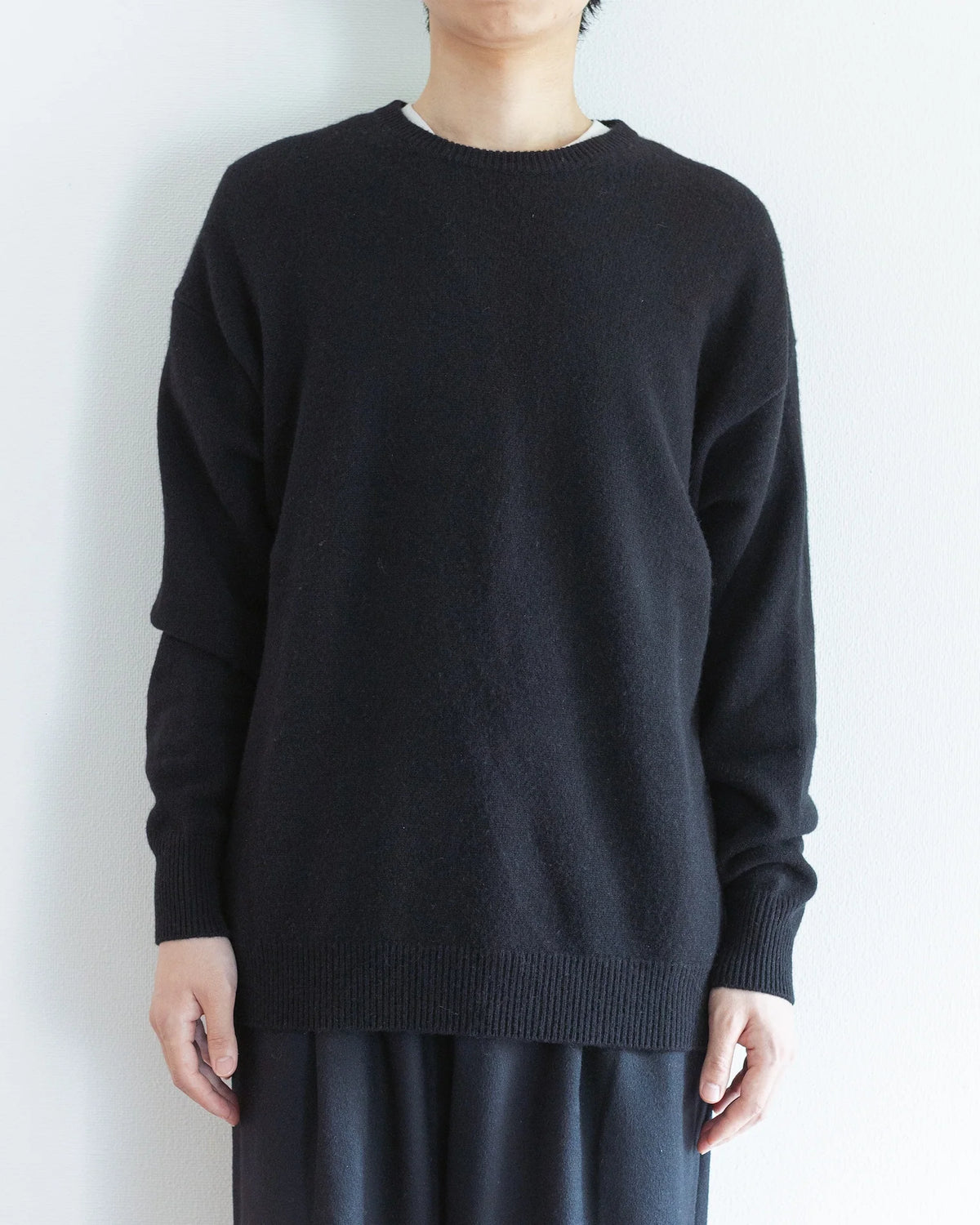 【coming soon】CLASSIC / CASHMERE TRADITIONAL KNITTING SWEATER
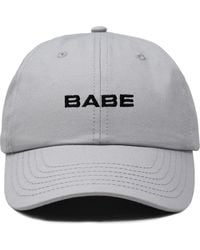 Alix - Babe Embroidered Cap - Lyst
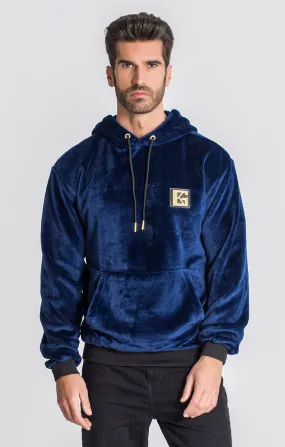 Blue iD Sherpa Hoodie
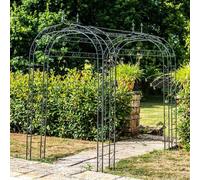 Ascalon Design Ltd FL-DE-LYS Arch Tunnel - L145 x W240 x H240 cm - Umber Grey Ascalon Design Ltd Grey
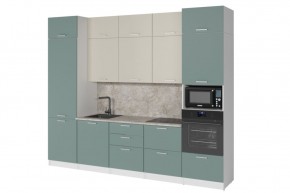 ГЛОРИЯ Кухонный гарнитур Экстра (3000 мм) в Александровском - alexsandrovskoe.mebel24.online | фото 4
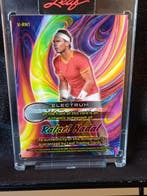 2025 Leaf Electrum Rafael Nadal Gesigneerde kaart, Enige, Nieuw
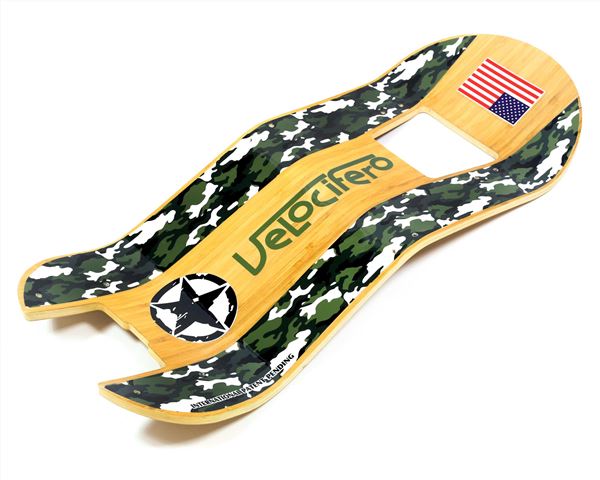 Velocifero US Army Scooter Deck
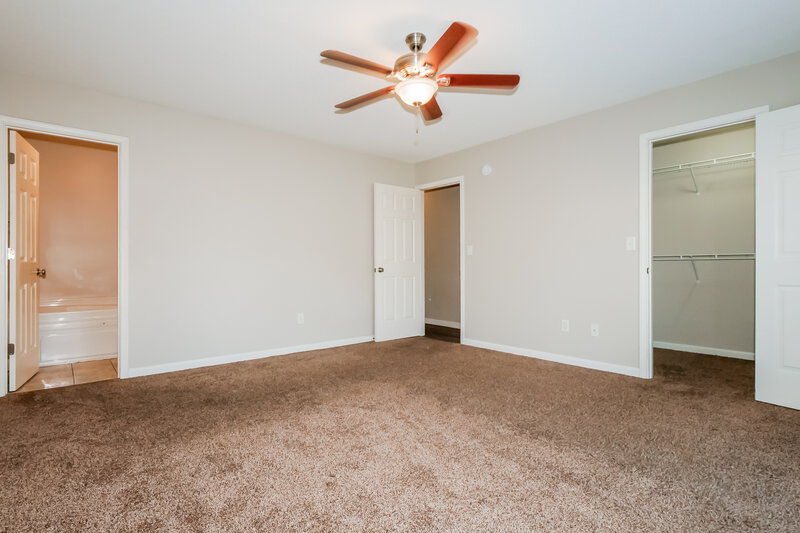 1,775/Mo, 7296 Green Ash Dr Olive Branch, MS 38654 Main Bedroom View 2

*Problem requirements*: Exactly as written, set down each line of the records, leaving out the pictures.

*Completed exercise*:
 【coming soon】CLASSIC / CASHMERE TRADITIONAL KNITTING SWEATER
 Alix - Babe Embroidered Cap - Lyst
 Blue iD Sherpa Hoodie
 Ascalon Design Ltd FL-DE-LYS Arch Tunnel - L145 x W240 x H240 cm - Umber Grey Ascalon Design Ltd Grey
 ГЛОРИЯ Кухонный гарнитур Экстра (3000 мм) в Александровском - alexsandrovskoe.mebel24.online | фото 4
 2025 Leaf Electrum Rafael Nadal Gesigneerde kaart, Enige, Nieuw
 Velocifero US Army Scooter Deck
 1,775/Mo, 7296 Green Ash Dr Olive Branch, MS 38654 Main Bedroom View 2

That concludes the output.